Ayat-ayat terkait larangan riba, perniagaan yang didasarkan pada kesukarelaan para pihak, perintah bertebaran di muka bumi guna mencari karunia ilahi, merupakan contoh yang menunjukkan bahwa Quran adalah sumber dan sekaligus landasan hukum muamalah malliyah.
Begitu pula contoh-contoh yang diberikan oleh Rasulullah. Perkataan, perbuatan, maupun pembolehan olehnya pada lapangan ekonomi dapat ditemukan dalam hadis sebagai sumber dan landasan hukum setelah Quran.

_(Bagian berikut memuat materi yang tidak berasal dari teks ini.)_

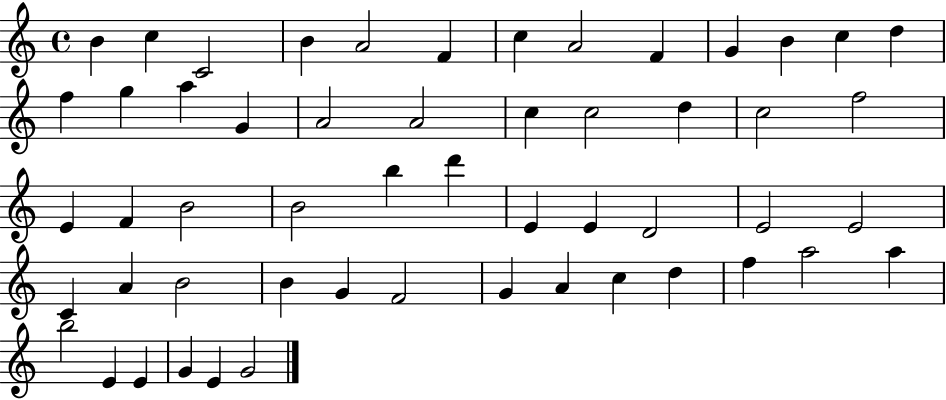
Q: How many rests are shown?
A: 0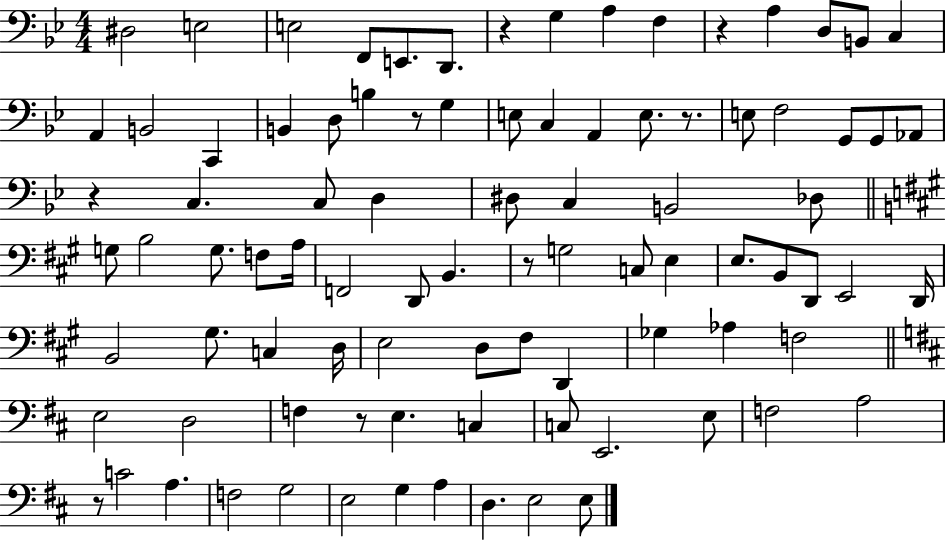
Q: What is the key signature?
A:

Perintah untuk taat kepada ulil amri dalam konteks Indonesia di lapangan ekonomi dan keuangan diatribusikan kepada fatwa-fatwa yang dikeluarkan oleh otoritas pembuat fatwa, yakni Dewan Syariah Nasional - Majelis Ulama Indonesia (MUI). Lebih lanjut, otoritas negara, antara lain yakni Bank Indonesia, Otoritas Jasa Keuangan, Mahkamah Agung dalam kenyataannya telah menerbitkan peraturan-peraturan di bidang ekonomi dan keuangan syariah.
Prinsip dasar sistem ekonomi syariah
Sistem ekonomi dan keuangan syariah kini kian berkembang melalui penerapan konsep ekonomi dan keuangan Islam. Perkembangan tersebut tampak hasilnya pada berbagai aktivitas ekonomi dan keuangan syariah, seperti munculnya berbagai produk bisnis digital, produk-produk di lembaga keuangan syariah yang semakin beragam, dan lain sebagainya.

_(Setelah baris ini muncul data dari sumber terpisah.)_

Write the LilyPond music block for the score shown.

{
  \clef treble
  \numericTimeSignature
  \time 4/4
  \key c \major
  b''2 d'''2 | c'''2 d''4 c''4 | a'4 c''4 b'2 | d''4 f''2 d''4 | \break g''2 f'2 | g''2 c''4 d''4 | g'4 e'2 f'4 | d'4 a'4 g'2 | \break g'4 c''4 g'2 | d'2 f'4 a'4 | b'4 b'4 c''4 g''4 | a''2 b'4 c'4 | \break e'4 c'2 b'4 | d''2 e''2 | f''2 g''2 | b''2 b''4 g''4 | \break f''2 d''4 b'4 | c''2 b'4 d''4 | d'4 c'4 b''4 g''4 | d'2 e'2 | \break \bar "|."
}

Namun, dalam mengembangkan sistem ekonomi syariah, Islam memegang teguh prinsip-prinsip dasar ekonomi syariah. Secara umum prinsip ekonomi Islam terbagi menjadi tiga bagian.
Prinsip-prinsip ekonomi Islam didasarkan atas lima nilai universal yang meliputi tauhid (keimanan), ‘adl (keadilan), nubuwwah (kenabian), khilafah (pemerintah) dan ma’ad (hasil). Dari kelima nilai universal tersebut, dibangunlah tiga prinsip derivatif yaitu kepemilikan multijenis (multiple ownership), kebebasan bertindak atau berusaha (freedom to act) serta keadilan sosial (social justice).
Kelima nilai universal tersebut berfungsi seperti fondasi, yaitu menentukan kuat tidaknya suatu bangunan. Tauhid (keesaan Allah), memiliki arti bahwa semua yang kita lakukan di dunia akan dipertanggungjawabkan kepada Allah di akhirat kelak.
‘Adl (keadilan), memiliki arti bahwa Allah telah memerintahkan manusia untuk berbuat adil dan tidak menzalimi pihak lain demi memeroleh keuntungan pribadi. Nubuwwah (kenabian), menjadikan sifat dan sikap nabi sebagai teladan dalam melakukan segala aktivitas di dunia.
Sementara, khilafah (pemerintahan), peran pemerintah adalah memastikan tidak ada distorsi sehingga perekonomian dapat berjalan dengan baik. Ma’ad (hasil), dalam Islam hasil (laba) yang diperoleh di dunia juga menjadi laba di akhirat.